Matt Damon on the red carpet in 2008
It only looks like Matt Damon took the scooter to get some milk, turned right instead of left and ended up on a red carpet. In fact, he’s quite the jean queen, seen everywhere from restaurants to movie sets looking kind of like your dad. Sigh. This really takes the “damn” out of Damon. 4/10.

Alexa Chung at a fashion show in 2010
If you’re Alexa Chung—tall, incredibly lithe, footloose and fat-free—you can wear fucking anything. Still, she’s done it right as ever, putting a sky-light, very-new-looking shirt against darker, worn-in skinnies. Looks fresh, if not so daring; after all, ’twas last spring and double denim was on runways from Ralph Lauren to Chloe. 9/10.

Jay Leno leaving Subway in 2010
Meanwhile, if you’re a fifty-ish dude with more than one chin, don’t even. This is why “style rules” are so much bullshit. 1/10. Team Conan!

Kiefer Sutherland walking around New York last fall
A Canadian in a Canadian tuxedo. A Canadian who is Kiefer Sutherland and, I’m sorry, is hot. Look at this guy! He’s smoking a cigarette, stopping a bomb plot on his flip phone and wearing two denims—all in the same photo. 12/10. You heard me.
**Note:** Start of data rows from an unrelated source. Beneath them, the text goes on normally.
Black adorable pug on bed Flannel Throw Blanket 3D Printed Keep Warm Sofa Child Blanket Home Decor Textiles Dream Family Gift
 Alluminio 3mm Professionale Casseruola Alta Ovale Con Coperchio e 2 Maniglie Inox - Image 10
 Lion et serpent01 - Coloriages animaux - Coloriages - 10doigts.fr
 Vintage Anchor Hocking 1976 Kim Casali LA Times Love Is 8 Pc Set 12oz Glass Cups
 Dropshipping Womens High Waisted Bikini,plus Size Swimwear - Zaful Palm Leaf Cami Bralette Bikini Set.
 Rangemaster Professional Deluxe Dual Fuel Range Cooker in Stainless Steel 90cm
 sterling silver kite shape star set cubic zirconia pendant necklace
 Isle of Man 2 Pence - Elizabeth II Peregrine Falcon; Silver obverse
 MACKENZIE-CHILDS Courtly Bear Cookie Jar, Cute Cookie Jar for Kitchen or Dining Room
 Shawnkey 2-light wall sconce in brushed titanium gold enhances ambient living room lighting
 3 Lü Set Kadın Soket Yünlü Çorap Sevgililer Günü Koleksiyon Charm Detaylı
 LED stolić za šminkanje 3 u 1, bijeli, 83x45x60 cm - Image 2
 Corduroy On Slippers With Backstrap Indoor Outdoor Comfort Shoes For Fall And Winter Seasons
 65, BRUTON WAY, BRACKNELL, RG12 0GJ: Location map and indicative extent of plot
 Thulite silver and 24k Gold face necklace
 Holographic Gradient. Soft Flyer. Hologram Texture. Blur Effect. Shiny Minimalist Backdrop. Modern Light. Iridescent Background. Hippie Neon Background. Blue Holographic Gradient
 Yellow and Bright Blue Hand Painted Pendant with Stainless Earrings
Charlize Theron on the street last week
OK, so this is how you should wear your national costume—with pride, sure, but, more importantly, a little Farrah Fawcett spirit. Here’s a faded-looking western shirt half-tucked into crisp, indigo, ankle-length jeans and finished off with perfecto white oxfords. If Ms. Theron would just give Timberlake his hat back, she’d be a 10/10.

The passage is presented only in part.